The technique of converting a 2D video into a 3D stereoscopic version is called stereoscopic video conversion (SVC) or 2D-to-3D video conversion [3, 4]. Recently, some researchers and companies, such as Dynamic Digital Depth (DDD), HDlogix, Sony Image Works, and Victor Company of Japan, have paid much attention on this technique [4]. One kind of SVC methods [5–7] tries to create stereo effect (for a two-view display) without estimating the depth map. This kind of depth-free methods relies on its ability in analyzing motion information and then directly synthesizing the left- and right-views from the original image sequence. The basic concept of this kind of methods is similar to structure from motion [4]. For example, Okino et al. [6] proposed a Modified Time Difference (MTD) method, by which binocular images are generated by selecting two frames with a time delay determined according to the magnitudes of estimated motion vectors (MVs). The problem to be solved is how to choose an appropriate matching frame for a given base frame. Another problem is how to find a suitable mapping between the disparity and the magnitude of an MV. The MTD method is however only suitable for image sequences with horizontal object motion. The work of Wang et al. [5] presents a similar strategy, but is restricted to image sequences without object motions. Kim et al.’s study [7] accepts MPEG-4 video as input, extracts the background Video Object Plane (VOP) and the primary (foreground) VOP, classifies the background motion type (left motion, right motion, or static) according to its MV field, and finally assigns disparities for the foreground and the background VOPs individually.

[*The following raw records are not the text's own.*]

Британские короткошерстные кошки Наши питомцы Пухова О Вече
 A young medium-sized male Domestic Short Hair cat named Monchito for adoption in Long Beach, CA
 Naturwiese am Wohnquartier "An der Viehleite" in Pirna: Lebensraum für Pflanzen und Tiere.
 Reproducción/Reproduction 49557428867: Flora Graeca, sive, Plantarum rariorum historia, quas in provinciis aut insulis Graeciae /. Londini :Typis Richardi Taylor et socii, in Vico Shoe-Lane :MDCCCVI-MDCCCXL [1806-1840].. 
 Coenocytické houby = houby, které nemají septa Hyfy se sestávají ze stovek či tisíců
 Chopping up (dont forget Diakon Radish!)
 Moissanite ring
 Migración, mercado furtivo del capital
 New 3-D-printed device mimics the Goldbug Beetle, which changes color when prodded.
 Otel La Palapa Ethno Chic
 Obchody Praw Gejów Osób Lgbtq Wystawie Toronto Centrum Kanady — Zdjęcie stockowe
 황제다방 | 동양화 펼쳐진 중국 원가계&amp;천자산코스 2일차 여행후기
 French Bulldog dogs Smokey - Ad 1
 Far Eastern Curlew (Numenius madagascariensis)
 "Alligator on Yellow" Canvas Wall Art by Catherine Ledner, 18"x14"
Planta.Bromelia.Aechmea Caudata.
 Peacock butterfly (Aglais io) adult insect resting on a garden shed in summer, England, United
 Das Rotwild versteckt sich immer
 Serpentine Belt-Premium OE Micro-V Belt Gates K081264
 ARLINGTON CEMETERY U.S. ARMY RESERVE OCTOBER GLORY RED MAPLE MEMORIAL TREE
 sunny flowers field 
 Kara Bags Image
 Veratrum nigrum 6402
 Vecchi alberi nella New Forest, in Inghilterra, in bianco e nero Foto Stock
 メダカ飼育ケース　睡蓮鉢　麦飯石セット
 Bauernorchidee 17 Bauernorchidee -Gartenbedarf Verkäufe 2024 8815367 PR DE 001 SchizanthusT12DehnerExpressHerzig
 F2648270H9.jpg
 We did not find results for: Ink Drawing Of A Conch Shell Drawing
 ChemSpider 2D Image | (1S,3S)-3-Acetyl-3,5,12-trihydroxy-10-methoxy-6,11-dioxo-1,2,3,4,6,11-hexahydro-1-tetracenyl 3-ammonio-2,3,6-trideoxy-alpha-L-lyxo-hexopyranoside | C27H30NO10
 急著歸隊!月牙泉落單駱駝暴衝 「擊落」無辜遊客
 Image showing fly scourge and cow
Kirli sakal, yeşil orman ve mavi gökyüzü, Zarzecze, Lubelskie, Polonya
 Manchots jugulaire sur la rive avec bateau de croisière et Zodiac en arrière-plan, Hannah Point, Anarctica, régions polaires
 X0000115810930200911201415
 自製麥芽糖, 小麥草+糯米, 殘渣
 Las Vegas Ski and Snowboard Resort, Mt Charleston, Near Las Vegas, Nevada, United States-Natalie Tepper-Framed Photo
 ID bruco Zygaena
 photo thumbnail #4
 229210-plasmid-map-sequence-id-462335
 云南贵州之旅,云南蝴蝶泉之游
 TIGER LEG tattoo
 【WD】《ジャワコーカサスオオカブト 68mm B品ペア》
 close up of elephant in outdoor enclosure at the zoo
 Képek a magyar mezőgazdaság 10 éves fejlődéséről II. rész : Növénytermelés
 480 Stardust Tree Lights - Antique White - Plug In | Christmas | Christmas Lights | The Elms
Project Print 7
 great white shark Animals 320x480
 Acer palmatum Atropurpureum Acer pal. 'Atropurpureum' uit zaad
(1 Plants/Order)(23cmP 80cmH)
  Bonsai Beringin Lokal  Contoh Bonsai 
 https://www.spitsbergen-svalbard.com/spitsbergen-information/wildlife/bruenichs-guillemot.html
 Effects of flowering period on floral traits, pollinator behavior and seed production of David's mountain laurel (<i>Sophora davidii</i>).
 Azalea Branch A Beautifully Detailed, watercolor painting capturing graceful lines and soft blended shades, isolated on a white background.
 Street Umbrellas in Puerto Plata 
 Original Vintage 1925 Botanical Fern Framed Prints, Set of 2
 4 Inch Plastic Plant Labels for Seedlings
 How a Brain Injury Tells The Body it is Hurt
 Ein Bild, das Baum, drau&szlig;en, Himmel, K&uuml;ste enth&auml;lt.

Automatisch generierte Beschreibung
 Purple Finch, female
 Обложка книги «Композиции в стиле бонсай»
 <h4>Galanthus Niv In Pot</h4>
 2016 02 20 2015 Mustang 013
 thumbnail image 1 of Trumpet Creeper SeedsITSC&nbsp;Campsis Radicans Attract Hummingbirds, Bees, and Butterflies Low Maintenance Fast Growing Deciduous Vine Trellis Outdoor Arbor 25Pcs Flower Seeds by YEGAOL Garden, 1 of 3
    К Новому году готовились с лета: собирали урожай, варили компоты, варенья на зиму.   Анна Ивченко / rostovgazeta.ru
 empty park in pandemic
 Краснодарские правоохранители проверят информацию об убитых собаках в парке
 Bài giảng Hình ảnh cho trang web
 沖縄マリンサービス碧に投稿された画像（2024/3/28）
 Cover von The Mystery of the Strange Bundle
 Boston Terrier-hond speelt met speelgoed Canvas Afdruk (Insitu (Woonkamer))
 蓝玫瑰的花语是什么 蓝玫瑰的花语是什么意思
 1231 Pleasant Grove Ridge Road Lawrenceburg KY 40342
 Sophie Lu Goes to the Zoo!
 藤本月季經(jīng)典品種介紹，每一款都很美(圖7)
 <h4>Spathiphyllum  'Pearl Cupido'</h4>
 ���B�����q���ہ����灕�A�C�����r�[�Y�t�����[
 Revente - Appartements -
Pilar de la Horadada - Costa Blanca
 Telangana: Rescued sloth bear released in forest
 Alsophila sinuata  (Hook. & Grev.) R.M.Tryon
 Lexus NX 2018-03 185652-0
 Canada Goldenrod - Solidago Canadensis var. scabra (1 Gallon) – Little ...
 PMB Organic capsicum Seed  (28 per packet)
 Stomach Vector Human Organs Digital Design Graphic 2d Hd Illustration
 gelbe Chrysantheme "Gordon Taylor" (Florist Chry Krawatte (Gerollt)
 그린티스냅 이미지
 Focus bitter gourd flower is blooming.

The other kind estimates a depth map for each 2D color frame and then synthesizes a pair of left- and right-view (i.e., binocular) images for stereo display [8–11]. Compared with the depth-free methods, this 2D-plus-depth format is more advantageous from the viewpoint of applications. For example, multi-view video for autostereoscopic displays can be generated based on a popular Depth-Image-Based-Rendering (DIBR) technique and the “perceived depth” can be adjustable under varying viewing conditions. In addition, the overhead for compressing the depth map is only about 20% in the bit rate [12], whereas that for compressing the secondary view (or, the right-view) might be over 40% [13].

Though depth plays such an important role in 3DTV applications, its derivation from a mono-view image or video is really challenging. In [8], depth maps were built by using only MVs extracted from the compressed video. Obviously, estimating depths solely from the motion cue cannot be suitable for various types of videos. In [9], image depths were calculated by measuring and combining other cues such as contrast, sharpness, and chrominance of the input image. In [14], an object-based SVC method was proposed, where depth ordinal (based on occlusion reasoning) and depth consistency between detected objects are analyzed for depth estimation.

Other studies [9, 15], on the other hand, emphasize on separating foreground from background, estimating depths individually, and then combining them into a single depth image. To provide an impressive stereo effect, the estimation of a background depth profile is necessary. For example, Angot et al. [16] define six profiles of background depths and select a proper one according to image features. Another popular method is to establish the depth geometry of backgrounds by detecting vanishing points/lines [17] in the image. However, line features necessary for vanishing point/line detection might not be apparent or even do not exist in a video sequence.

A well-known software TriDef, developed by DDD, adopts an off-line machine learning algorithm [10, 18], where image features, such as color components and 2D coordinates, are used to construct a relation between an image pixel and its associated depth by using a classifier (e.g., neural network). Since it is straightforward and fast to extract these image features and make depth estimation (using neural classifier as an estimator), the conversion can be achieved easily in real time. However, there is a severe drawback that pixels locating at the lower and central parts of an image are likely to be assigned with nearer depths, resulting in a smoothly tilted depth pattern for most input images. That is, TriDef presents unlayered depths in light of any image content.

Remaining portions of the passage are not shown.